As we talked I continued to stroke her, very light touches, not trying to bring an orgasm.

"So I guess size does matter to most women, and to you, Nora."

"Well, size may not matter so much in the act of intercourse itself--unless a man is very much below average. I believe it means more in the pleasure of looking at a large penis and touching it with your hands or your mouth--as compared to someone small. Now you know I am aware of the good news about Andrew in that regard we don't need to talk about it any further!"

"James, I wish I understood more about everything Andrew is feeling and what to do to make it easier for him. I know he needs us to be patient with his sadness and his resentment and supportive of him in whatever way he needs us. I know you will try and I will try too. I hope I can help in some way, even from a distance after he leaves."

"Nora, maybe I shouldn't say this but we both can help him by giving him some of the one thing he needs most, his most immediate need."

"What do you mean?"

"Just give him very personal female companionship while he is here, Nora. Maybe you could give him a few kisses and and at least mildly intimate touches and let him hold you. I can be his friend by not objecting to your doing that. Couldn't you tell how being around you this evening was impacting him in spite of his depression. I saw the way he looked at you, not just your sympathetic face but your alluring body, most obviously your breasts, while you were sitting near him on the couch. I haven't seen him stare at you like that before. I could see him starting to get hard while he looked at you. Maybe he is in bed right now with a hard-on fantasizing about how you looked tonight and wishing he was here in my place. "

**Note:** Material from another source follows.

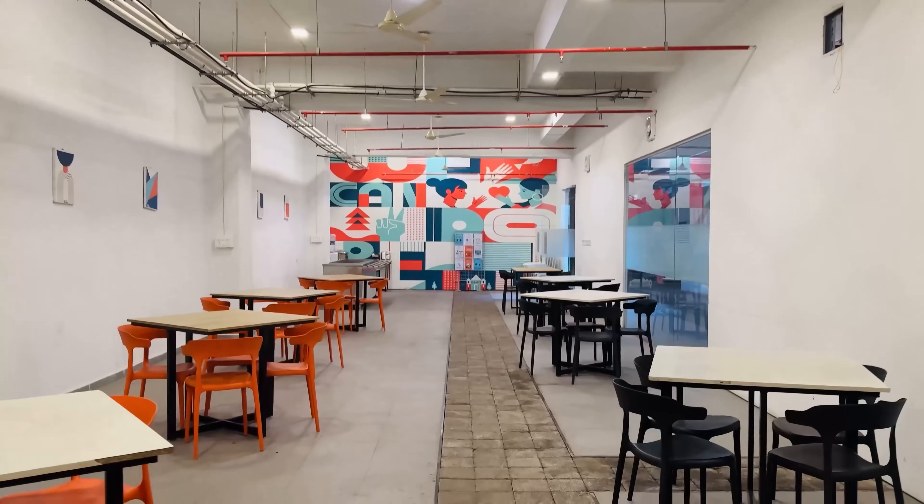This is the dining area of the hostel property. This is where all the food services will be provided to you.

And what man could resist Nora's lovely face, long chestnut hair, big brown eyes, inviting smile, and voluptuous body, all contributing to her aura of confident sensuality.

"James, I did notice where his eyes went when he thought I wasn't looking and I noticed something swelling down his pant leg as he stared. It was hard to miss. I didn't let him know I noticed and I did not want to say anything then about it to you."

I wondered if she was thinking about just that as we talked. Then we heard his footsteps in the hall and going down the stairs.

"He probably can't sleep, Nora. Why don't you go down and comfort him--however you can."

"James, really? I don't think you mean what you are suggesting. Given what we were just saying about him, wouldn't that be risky? I have nothing on under this old white shirt of yours. Andrew is a very attractive man and today isn't the first time I have known he finds me desirable. Isn't it dangerous under these circumstances for me to be with him on the couch in the near dark, knowing how sex-starved be must be. Don't you see that? I can't believe you are serous about this."